Le terme de « démythologisation » n'a pas fini de faire des vagues dans l'univers théologique. Quand Barth insistait sur la prédication du message, Bultmann centrait sa réflexion sur ses conditions de réception, afin de souligner l'urgence de l'engagement de la foi.

Bultmann et Heidegger

Bultmann (1884-1976) a fait toute sa carrière à l'université de Marbourg. Il y a rencontré Heidegger, qui y a enseigné quelques années, et qui l'a influencé. L’œuvre de Heidegger, un ancien séminariste, doit beaucoup à la Bible. Elle en dégage les catégories de pensée sous-jacentes. Quand Bultmann utilise ces catégories, il ne se sert pas d'une philosophie pour expliquer la Bible, mais il retrouve le type de philosophie qui caractérise la Bible. Quand la philosophie (y compris celle de Heidegger) ne se contente pas d'éclairer les démarches de la pensée, lorsqu'elle prétend donner le sens de l’existence humaine, alors, dit Bultmann, elle devient « criminelle ».

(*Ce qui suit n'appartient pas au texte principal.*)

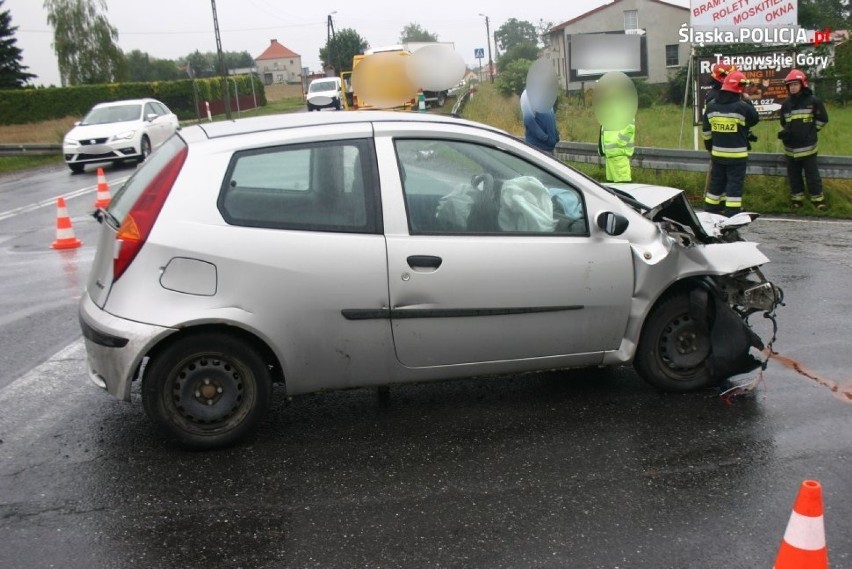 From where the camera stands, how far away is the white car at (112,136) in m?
21.5

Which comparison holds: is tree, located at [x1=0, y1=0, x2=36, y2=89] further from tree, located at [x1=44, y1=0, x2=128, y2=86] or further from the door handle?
the door handle

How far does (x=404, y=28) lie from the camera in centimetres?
10769

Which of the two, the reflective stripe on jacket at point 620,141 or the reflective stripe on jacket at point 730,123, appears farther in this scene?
the reflective stripe on jacket at point 620,141

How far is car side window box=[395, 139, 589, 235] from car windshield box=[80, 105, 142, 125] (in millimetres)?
19094

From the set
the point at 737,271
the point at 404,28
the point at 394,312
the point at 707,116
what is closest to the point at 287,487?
the point at 394,312

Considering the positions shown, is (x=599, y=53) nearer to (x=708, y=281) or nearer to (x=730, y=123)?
(x=730, y=123)

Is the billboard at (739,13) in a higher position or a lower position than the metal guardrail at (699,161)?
higher

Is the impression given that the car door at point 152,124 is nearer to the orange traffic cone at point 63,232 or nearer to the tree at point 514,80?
the orange traffic cone at point 63,232

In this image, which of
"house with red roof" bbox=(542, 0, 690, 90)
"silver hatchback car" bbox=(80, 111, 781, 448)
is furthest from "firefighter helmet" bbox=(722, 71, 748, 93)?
"house with red roof" bbox=(542, 0, 690, 90)

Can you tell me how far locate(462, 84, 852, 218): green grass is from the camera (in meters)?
12.3

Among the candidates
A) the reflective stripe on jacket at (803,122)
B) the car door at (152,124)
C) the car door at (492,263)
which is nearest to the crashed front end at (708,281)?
the car door at (492,263)

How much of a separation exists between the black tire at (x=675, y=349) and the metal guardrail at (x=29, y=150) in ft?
90.5

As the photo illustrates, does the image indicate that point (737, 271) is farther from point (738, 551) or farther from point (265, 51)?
point (265, 51)

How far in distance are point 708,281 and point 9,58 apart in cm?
5905
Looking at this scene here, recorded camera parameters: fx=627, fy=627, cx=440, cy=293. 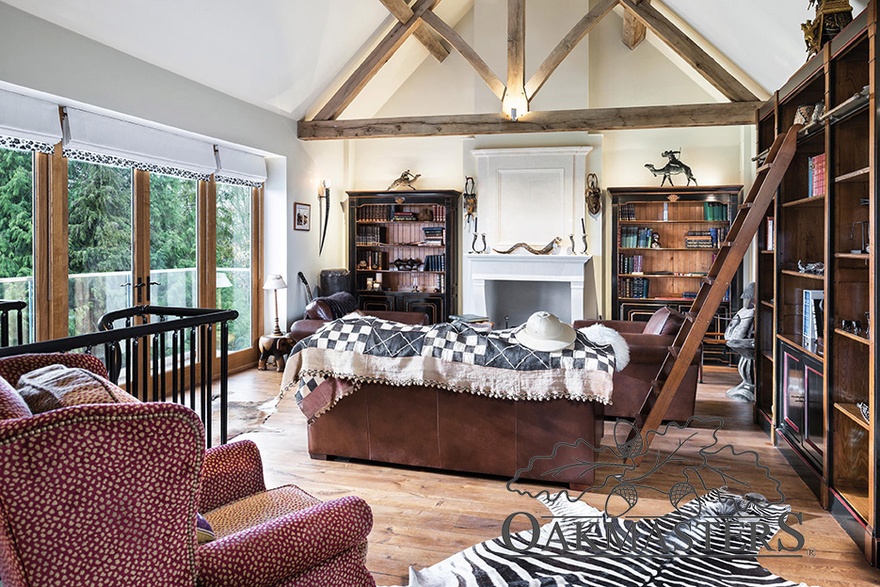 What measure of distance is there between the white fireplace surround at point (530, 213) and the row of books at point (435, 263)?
39 centimetres

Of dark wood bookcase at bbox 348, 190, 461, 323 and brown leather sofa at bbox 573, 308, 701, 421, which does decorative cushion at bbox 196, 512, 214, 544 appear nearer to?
brown leather sofa at bbox 573, 308, 701, 421

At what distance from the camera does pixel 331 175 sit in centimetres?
826

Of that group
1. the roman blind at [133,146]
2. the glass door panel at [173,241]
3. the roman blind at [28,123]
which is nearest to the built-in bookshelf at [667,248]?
the roman blind at [133,146]

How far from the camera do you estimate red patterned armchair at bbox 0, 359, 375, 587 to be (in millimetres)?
1062

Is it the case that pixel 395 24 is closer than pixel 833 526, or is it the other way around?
pixel 833 526

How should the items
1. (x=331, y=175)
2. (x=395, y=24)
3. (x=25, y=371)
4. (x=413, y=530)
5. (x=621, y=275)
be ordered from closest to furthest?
(x=25, y=371) → (x=413, y=530) → (x=395, y=24) → (x=621, y=275) → (x=331, y=175)

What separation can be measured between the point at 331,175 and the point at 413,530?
6.11m

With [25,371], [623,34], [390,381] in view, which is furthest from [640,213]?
[25,371]

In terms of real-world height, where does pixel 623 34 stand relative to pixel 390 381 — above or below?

A la différence de Heidegger, Bultmann n'a eu aucune faiblesse pour le nazisme. Très tôt, dans des cours du printemps et des prédications de l'été 1933, il le dénonce.  (Alors que K. Barth et W. Vischer défendent le peuple juif à cause de son élection, et donc en raison d'un statut théologique particulier.)

L'objectivant et l'existentiel

La théologie de Bultmann part de la distinction entre deux attitudes. La première, l'objectivante, considère les êtres et les événements comme des objets, c'est-à-dire des choses posées devant moi ( ob veut dire « devant », et jectum « placé » ), dont je dispose et que je manipule. Par la science et la technique, l’être humain s'empare du monde et se le soumet (il le met sous soi). Au contraire, l'attitude existentielle consiste à sortir de soi (« ex » veut dire dehors., et sistere ., « se tenir » ), à se rendre disponible. vulnérable et dépendant, à s'ouvrir et à se soumettre à l'autre. Nous avons naturellement tendance à privilégier l'objectivant qui nous donne une maîtrise et nous assure une sécurité. La foi (comme d'ailleurs le véritable amour) implique un retournement. Elle demande de s'abandonner, de renoncer à soi, de vivre non pas de ce que l'on possède, mais de ce que l'on reçoit. Il faut pour cela une conversion qu'opère la rencontre avec le Christ, présent et agissant aujourd'hui dans mon existence. L'orthodoxie, qui explique Dieu par des doctrines, relève d'une attitude objectivante, et donc incroyante. La foi ne consiste pas à adhérer à des dogmes, mais à vivre de la promesse et des exigences d'une parole toujours surprenante et bouleversante. Dans la Bible, on ne peut pas voir Dieu (le regard, plutôt objectivant, jauge, évalue et enferme l'autre dans l'image que je m'en fais). On écoute Dieu, on reçoit de lui une parole qui fait sortir de soi, bouger et changer.

Schweitzer et Bultmann

Ces deux spécialistes du Nouveau Testament se soucient d'une prédication actuelle de l'Evangile. Ils soulignent tous deux le mystère de Dieu (qui ne se laisse pas enfermer dans nos doctrines et définitions), et l'appel que nous adresse le Christ. Toutefois, Bultmann, proche du piétisme, insiste plutôt sur l'ouverture à la Parole et la rencontre avec Dieu, et Schweitzer, actif, plutôt sur l'éthique et l'engagement dans le monde.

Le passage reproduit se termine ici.